Today in black history: Lauryn Hill wins five Grammys, first black woman earns M.D. degree, and more
The Undefeated edition’s black facts for Feb. 24
1864 — Rebecca Lee Crumpler becomes first black woman in the United States to receive an M.D. degree. Crumpler graduated from the New England Female Medical College. She worked as a nurse in Massachusetts from 1852 to 1860 and later became one of the first African-Americans to publish a book when she released A Book of Medical Discourses in 1883.
1966 — Kwame Nkrumah is ousted in a military coup. Nkrumah helped lead Ghana out of British rule and into a state of independence in 1957. He was the country’s first president and named president for life by both his political party and the people. While Nkrumah was on a peace mission to Vietnam, a military coup removed him from office, and he sought asylum in Guinea.
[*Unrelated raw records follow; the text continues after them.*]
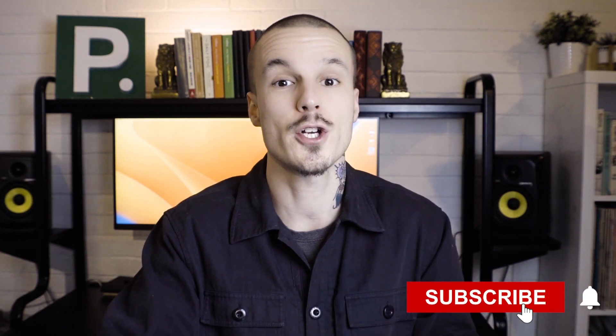And don't forget, subscribe to the channel for more weekly writing tips.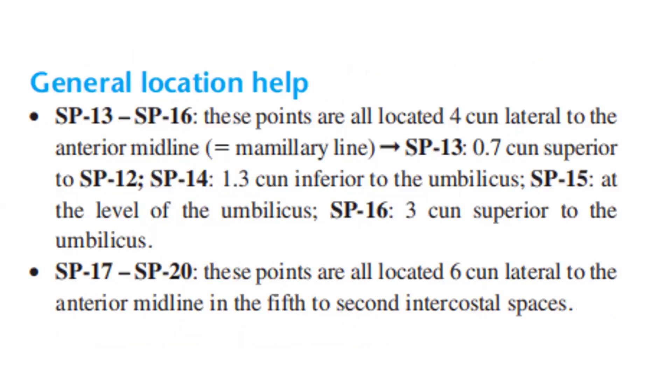General location health: Spleen 13 and Spleen 16 are all located 4 cun lateral to the anterior midline — the mammillary line. Spleen 13 is 7 cun superior to Spleen 12. Spleen 14: 1.3 cun inferior to the umbilicus. Spleen 15: at the level of the umbilicus. Spleen 16: 3 cun superior to the umbilicus. Spleen 17 to Spleen 20 are all located 6 cun lateral to the anterior midline, in the 5th to 2nd intercostal spaces.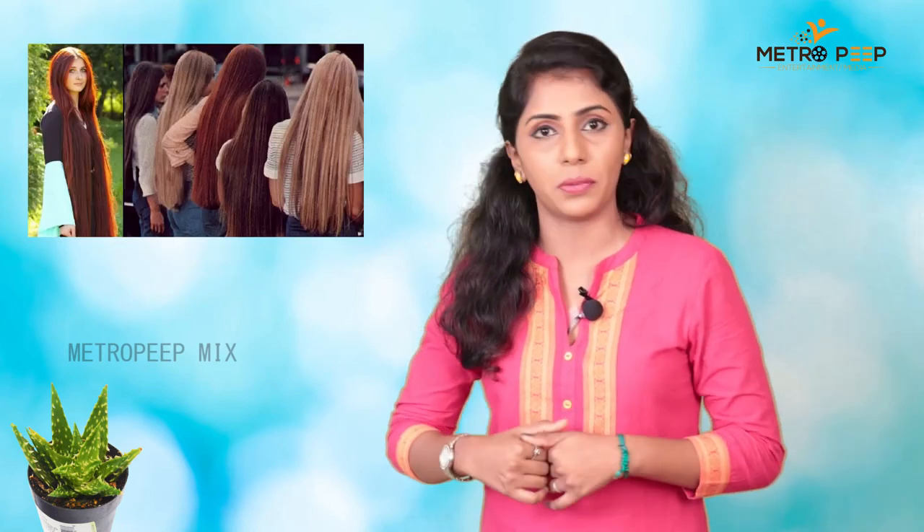There are many possibilities for dry hair. There are many possibilities. I want to thank you viewers for the tips. We will meet you in the next episode. Until then, it's bye from Sanmati.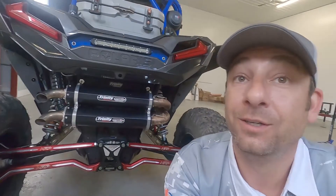Don't forget, free shipping on everything and 5% cash back if you sign up for our rewards program. Today we're talking Trinity Exhaust, the industry-leading stainless steel TIG-welded, two-year warranty piece of art.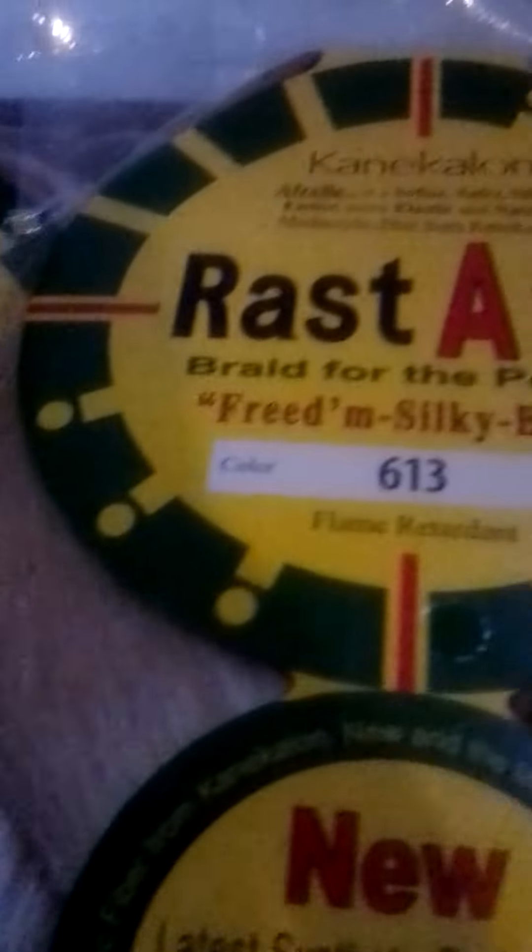This is the hair she chose — the Rasta Opry color 613. That's the color with the connect around hair. She also chose the black and gold, color 1b. I also bought some other packs — black and gold color 1 — that I'll be using on her hair.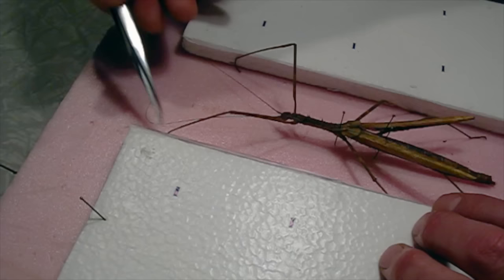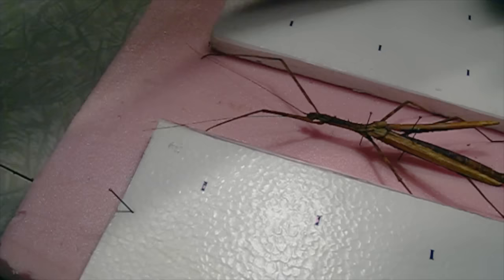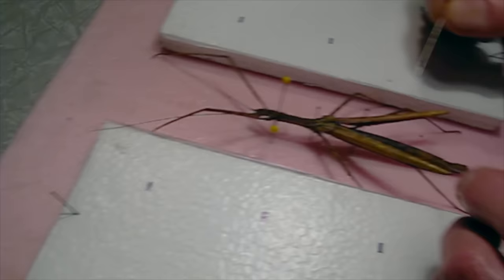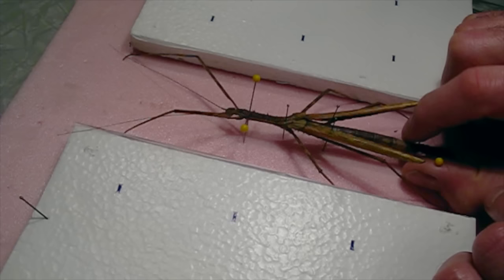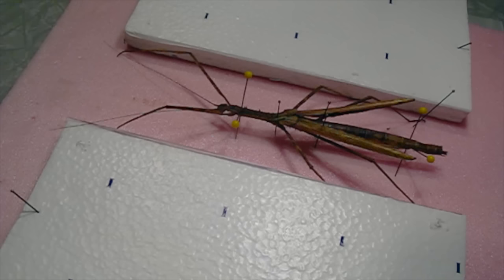The antennae are nice on this too — they're not broken or anything, it's a good specimen. I'm going to put a couple more bracing pins to hold the upper part of the thorax up nice and level, and back here on the abdomen as well. I want it held up. Shape it a little bit, and then pin the legs into position and get them in a good position.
1985 — First black ambassador to Republic of South Africa, Edward Perkins, is appointed. Then-President Ronald Reagan nominated Perkins to be ambassador, and he served in the then-apartheid South Africa from 1986 to 1989. He became director general of the U.S. foreign service from 1989 to 1992, the U.S. ambassador to the United Nations until the following year and U.S. ambassador to Australia from 1993 to 1996.
1999 — Singer Lauryn Hill wins five Grammys. The hip-hop and rhythm and blues artist took home five awards at the 41st Annual Grammy Awards, the most by a woman at that time, for her 1998 album The Miseducation of Lauryn Hill. Overall, the album received 10 nominations.